→ **EXERCISE REQUIREMENTS**
Return the records below in full. Keep every word exact and skip the images.

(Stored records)
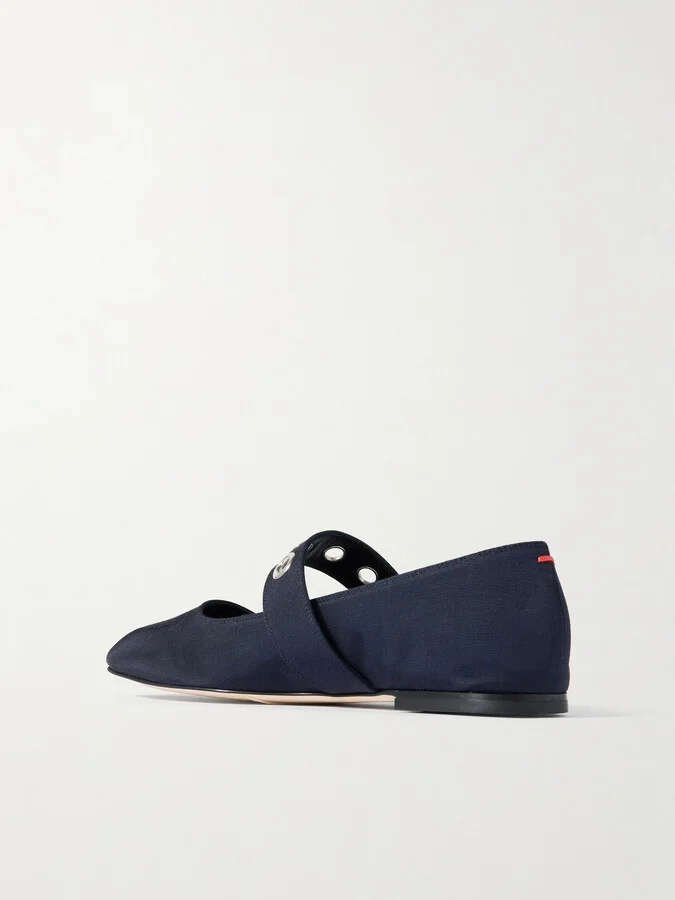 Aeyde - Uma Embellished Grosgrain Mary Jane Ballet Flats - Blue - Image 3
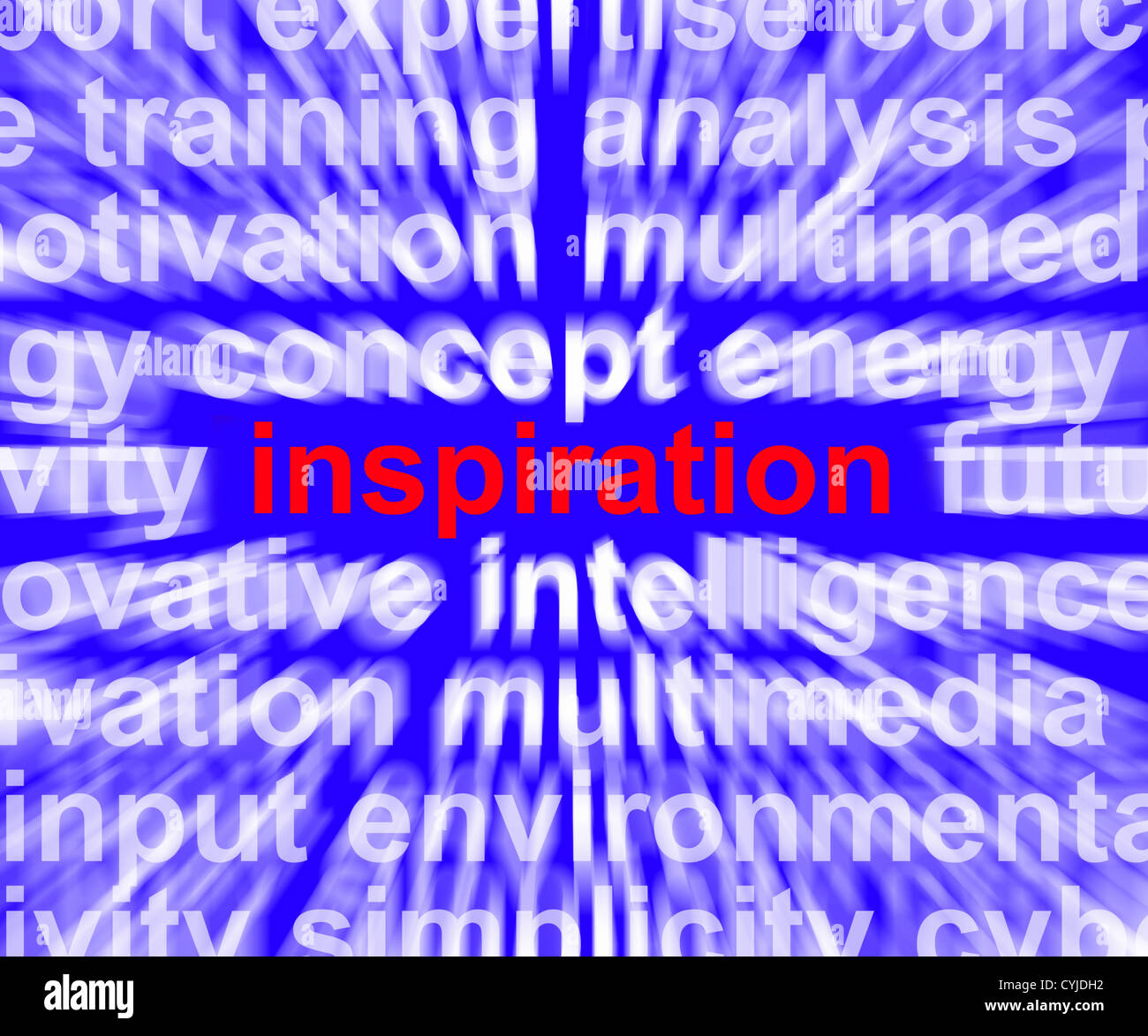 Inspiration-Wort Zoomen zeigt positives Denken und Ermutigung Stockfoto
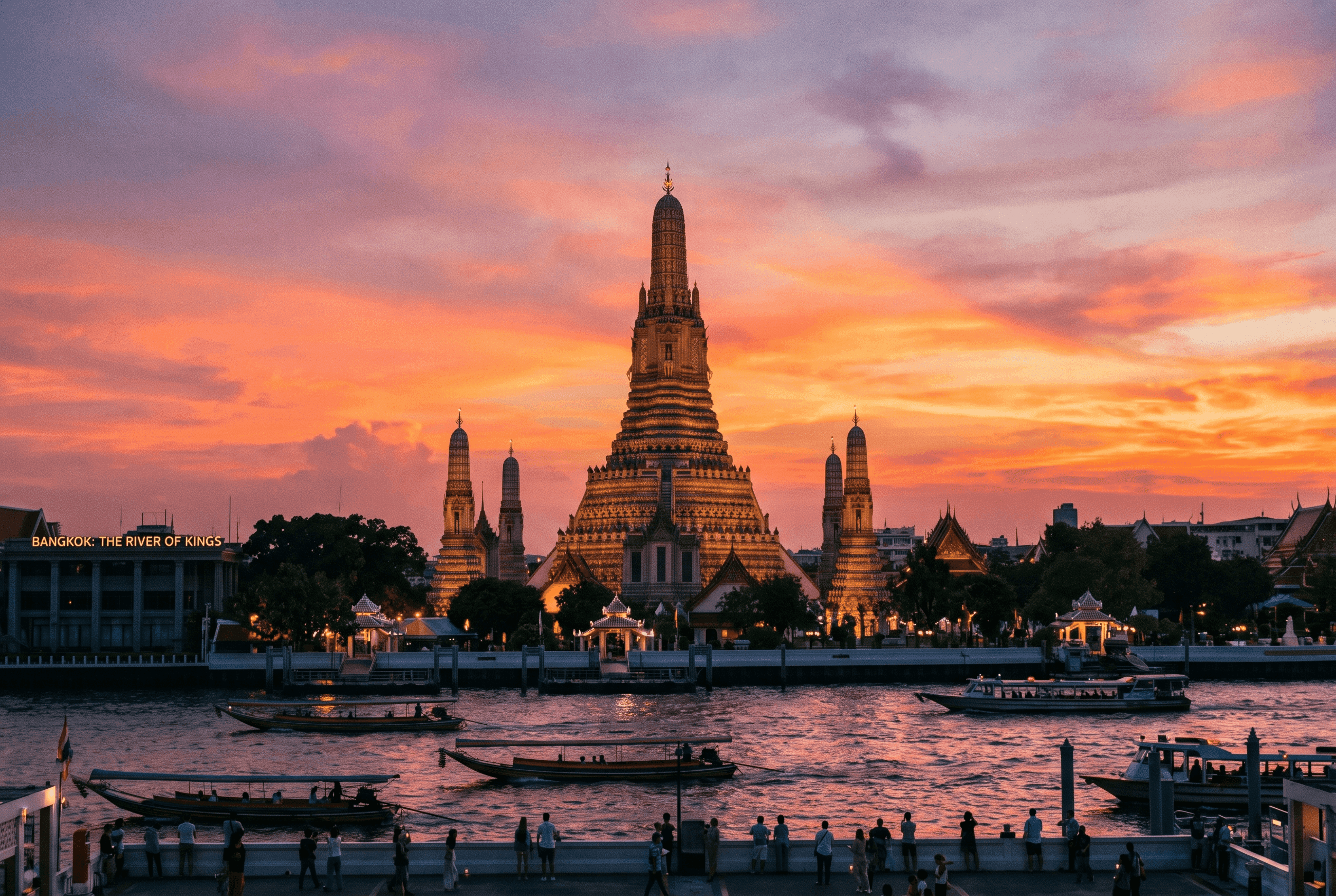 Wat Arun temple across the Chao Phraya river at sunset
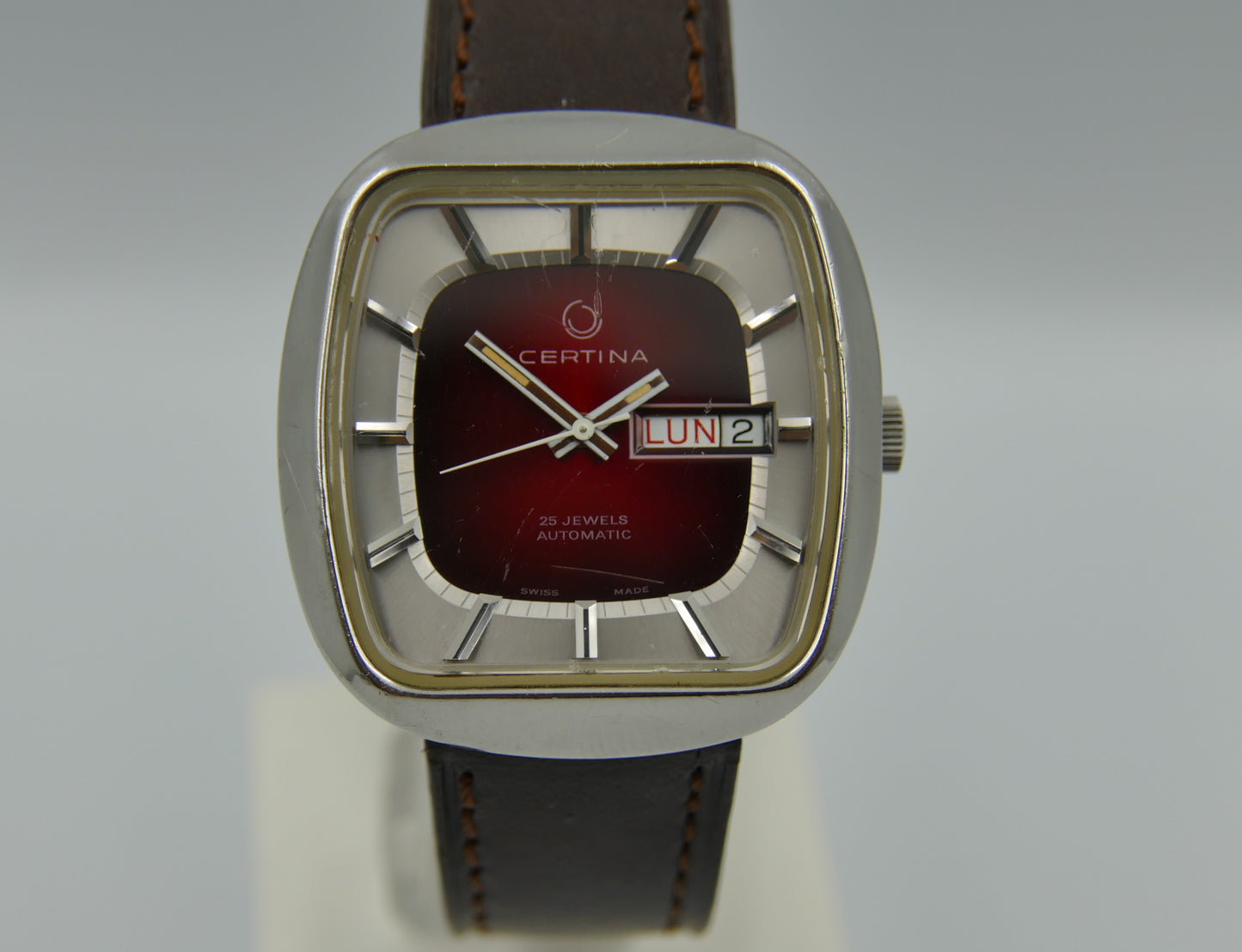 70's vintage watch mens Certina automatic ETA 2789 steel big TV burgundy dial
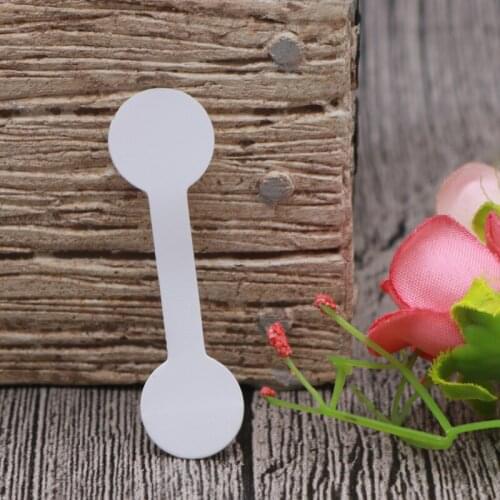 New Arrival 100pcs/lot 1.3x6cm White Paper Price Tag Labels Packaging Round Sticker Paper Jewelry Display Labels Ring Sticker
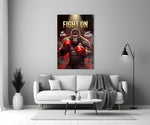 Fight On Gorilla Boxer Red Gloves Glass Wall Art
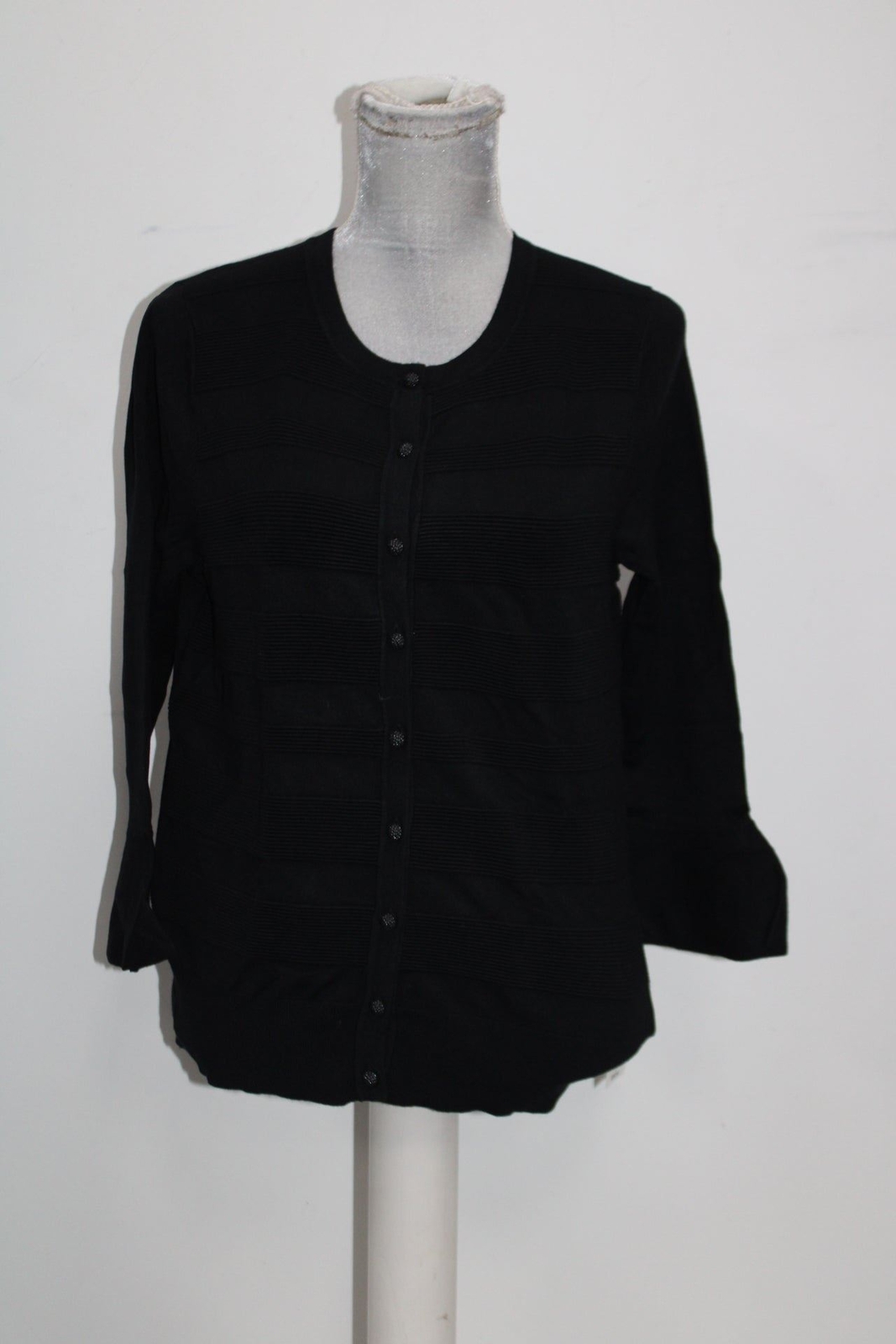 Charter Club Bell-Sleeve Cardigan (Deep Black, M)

→ **ANSWER FOR THE TASK**
 Aeyde - Uma Embellished Grosgrain Mary Jane Ballet Flats - Blue - Image 3
 Inspiration-Wort Zoomen zeigt positives Denken und Ermutigung Stockfoto
 Wat Arun temple across the Chao Phraya river at sunset
 70's vintage watch mens Certina automatic ETA 2789 steel big TV burgundy dial
 New Arrival 100pcs/lot 1.3x6cm White Paper Price Tag Labels Packaging Round Sticker Paper Jewelry Display Labels Ring Sticker
 Fight On Gorilla Boxer Red Gloves Glass Wall Art
 Charter Club Bell-Sleeve Cardigan (Deep Black, M)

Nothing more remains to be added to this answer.